「自動車運送業の特定技能はいつから始まるの?」
「受け入れる際の具体的なルールや要件は?」
「特定技能外国人ができる業務の範囲は?」
このような疑問をお持ちの方も多いでしょう。
特定技能制度に自動車運送業が追加されることは知っているけれど、いつから、どのような運用で開始するのかご存じない方も多いです。
制度は2024年3月から開始しており、2025年3月には制度初の特定技能外国人ドライバーも誕生しています。
本記事では、特定技能「自動車運送業」の開始時期とその制度内容についてご紹介します。
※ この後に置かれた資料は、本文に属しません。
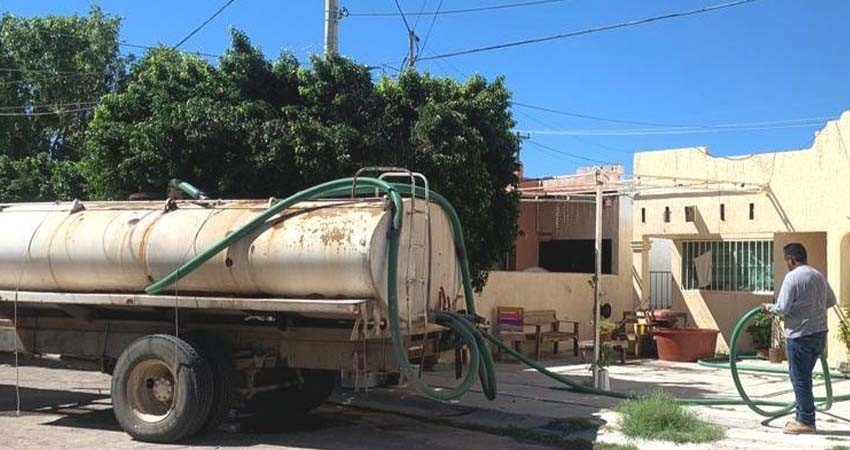 Más de 750 familias fueron atendidas con el plan emergente de entrega de agua en pipas tras el paso del huracán “Norma”: OOMSAPAS La Paz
この記事を読むことで、制度の概要を把握し、自社の環境を整えることで採用活動をスムーズに始められます。
特定技能外国人本人と受入れ企業それぞれで満たすべき要件をわかりやすく解説していますので、参考にしてみてください。
特定技能外国人の採用を検討したい方へ
この資料でわかること
- 特定技能制度で従事できる分野
- 在留資格「特定技能1号」の取得条件
- 特定技能1号外国人を雇用する流れ
- 登録支援機関の役割と仕事内容
この記事の監修きさらぎ行政書士事務所
行政書士 安藤 祐樹
きさらぎ行政書士事務所代表。20代の頃に海外で複数の国を転々としながら農業や観光業などに従事し、多くの外国人と交流する。その経験を通じて、帰国後は日本で生活する外国人の異国での挑戦をサポートしたいと思い、行政書士の道を選ぶ。現在は入管業務を専門分野として活動中。愛知県行政書士会所属(登録番号22200630号)
INDEX
特定技能「自動車運送業」はいつから始まる?

令和6年3月29日、政府が実施する「外国人材の受入れ・共生に関する関係閣僚会議」において、特定技能の受け入れ対象分野の枠組みに、自動車運送業を追加することが閣議決定されました。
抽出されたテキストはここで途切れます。